Тканые половички приятно холодили ножки. Мальчик протопал по половичкам к двери и заглянул в гостиную, где спала мама. Ну, вот, она ещё спит! А когда же собираться на автобус? Вдруг они опоздают и не поедут, и не увидят белую церковь с синими куполами? Интересно, зачем её построили, для кого? Наверное, мама знает. Надо её скорее будить.
Максимка подбежал к дивану и уткнулся в горячее со сна мамино плечо.
– Мам, мам, вставай! – громко зашептал он. – Уже поздно, мы уже опоздали давно, а ты же обещала, ну, мам, вставай же! Уже на озере все купаются, а ты спишь и спишь!
– Вста-аю-у… – зевнула Лидия и ласково взъерошила сыну волосы. – Времени-то сколько?
Она посмотрела на часы, беззаботно тикающие на стене.
– Ой, Максимка, ещё и семи нет, ты что? Автобус лишь через полтора часа!
– Ну, и всё равно вставай! – настаивал сын. – Ведь ты уже проснулась.
– Ага, – рассмеялась Лидия. – Потому что ты разбудил, плутишка зайка серенький.
Она легко поднялась с дивана. Тонкая сорочка целомудренно прикрывала её коленки, белые кружавчики нежной пенностью лежали на загорелой чистой коже, порхающие короткие рукавчики едва касались предплечий. Гладкие тёмные волосы спутались во сне и обрамляли милое простое лицо трогательной пушистостью.
– Мама, ты красивая! – восторженно улыбнулся Максимка и заскакал вокруг неё.
– Сына, перестань, ну, хватит, – смеялась Лидия. – Дай я умоюсь, причешусь, оденусь… Кстати, кое-кто, мне кажется, тоже ещё не умывался.
Она поймала Максимку и защекотала его. Тот радостно завизжал и принялся отбрыкиваться, довольный и счастливый: ух, какое здоровское утро! Такое удачное и весёлое, а день будет ещё удачнее и веселее!
Мама отнесла сына в ванную, и вскоре, умытые, обсушенные жёлтеньким и розовым полотенчиками, они вернулись в комнату, оделись и сели на кухне завтракать.
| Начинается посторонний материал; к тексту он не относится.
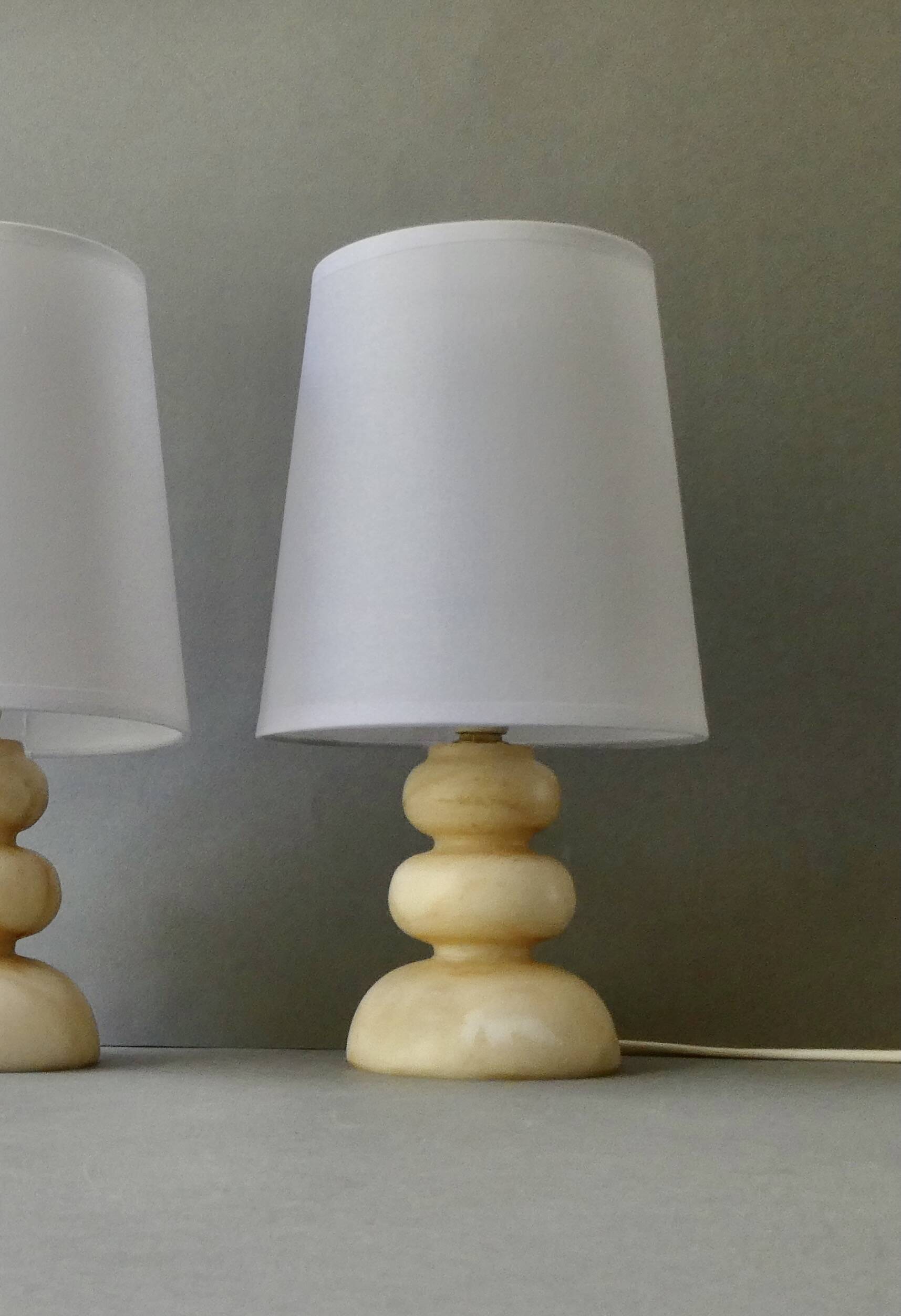 Paire de lampes en albâtre, années 70-80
Сама Лидия есть и пить не стала, и Максимка попил чаю с бутербродом.
К половине восьмого они были готовы выходить: мама в синем платье, с белым платочком на плечах, в белых босоножках; сынишка в голубой футболочке, серых штанишках и коричневых сандалетах. Не спеша подошли они к автобусной остановке, полной народу: в этот нарождающийся день многие безавтомобильные горожане направляли свои стопы в дорогие их сердцу огороды и сады. Среди женщин и мужчин преимущественно пенсионного и предпенсионного возраста, одетых в старые мешковатые штаны да куртки, в поблёкшие штормовки и штопанные-перештопанные спортивные костюмы, с нагруженными сумками выделялась сплочённая, ни на кого не похожая горстка людей с тёплыми лицами и особой радостью в глазах. Женщины – в юбках да в скромных, опрятных блузках, волосы старательно спрятаны под светлыми платочками. Мужчины – в рубашках и пиджаках, в отглаженных брюках, с непокрытыми головами. Около них терпеливо стояли два подростка и три малыша, серьёзные и торжественные.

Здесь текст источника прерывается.